Creativity and ideation is a vital part of the R&D process and one that is of great interest to managers.
Creativity can seem quite a messy discipline, but I find it useful to categorise it into 4 aspects: process, people, product and place. This classification is based on the 4P’s of creativity developed by the pioneering US creativity researcher, Mel Rhodes.
Process: This relates to the stages of the creative process, and tools and techniques to help.
This is the aspect of creativity that most people think of first. It encompasses useful descriptions of the stages of the creative process, and a wide variety of structured tools and techniques to help the process of generating new ideas in different situations. The best known tools include Brainstorming, TRIZ, 6 hats and Attribute Association, but creative people like inventing their own creative processes, so there are a lot of these (many only subtly different from each other!). However, in general they are trying to help users break free of fixed patterns of thought, gather new stimuli, make new connections, and tap into deeper (sometimes intuitive) insight into the problem.

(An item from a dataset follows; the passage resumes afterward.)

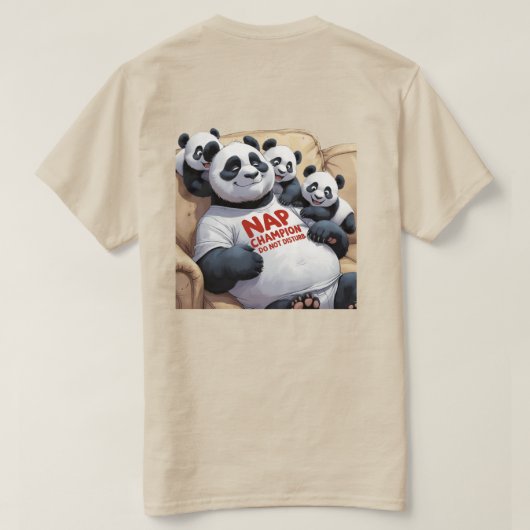 Nickerchen Champion - Funny Panda Vater Schlafen T T-Shirt (Design Rückseite)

People: This describes the traits and characteristics of creative people, and how to help them.
Creativity is a deeply human process, so it’s no surprise that insights from various branches of psychology and neuroscience can be very helpful in understanding how to encourage creativity and the process of ideation. It often takes a lot of work before a “good idea” is recognised as such, so creative people need to develop both persistence and their powers of persuasion. It’s important to realise that people differ quite profoundly in what helps or hinders their creativity. For example, while some people find structured tools useful for enhancing their creativity, the most creative people will often find them positively detrimental, but can be helped to be more effective in other ways. MBTI can give very useful insight into these personal preferences.

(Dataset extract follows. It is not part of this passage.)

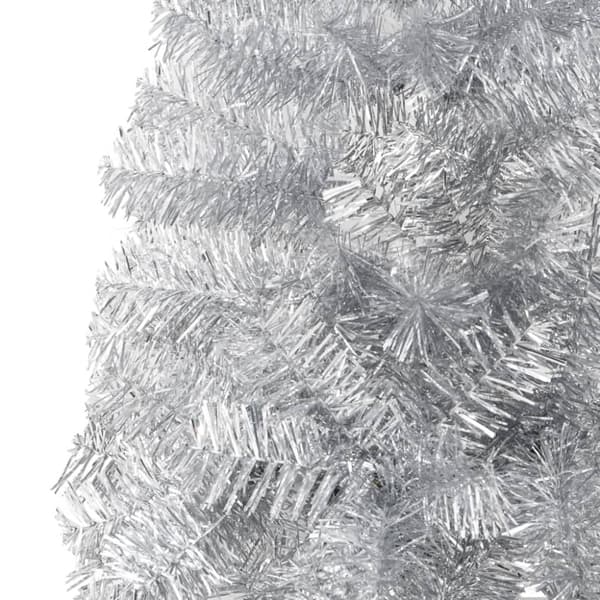 Smal halv plastgran med stativ silver 180 cm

Product: This relates to the characteristics of creative “products”, and how to create these.
A product (which could be an artefact, a system or a service) would not be considered as creative if it were not both novel and useful. This is why skilled R&D innovators give high priority to understanding the “problem” they want to solve, particularly the “non-obvious hidden needs”, before starting the process of ideation. Useful techniques for uncovering hidden needs include Repertory Grid and Ethnographic research.
Place: This relates to the environment, within which creativity takes place, and how to improve it.
An idea may start in a single head, but good ideas will require a diversity of knowledge from a number of people, so it’s helpful if the environment encourages useful interactions and experiences. Creative ideas can very easily be stifled by fear of failure, rigid processes and or stringent performance targets, so organisational culture and management style are important. Important thinkers in this area include Amabile, Von Hippel and Takeuchi.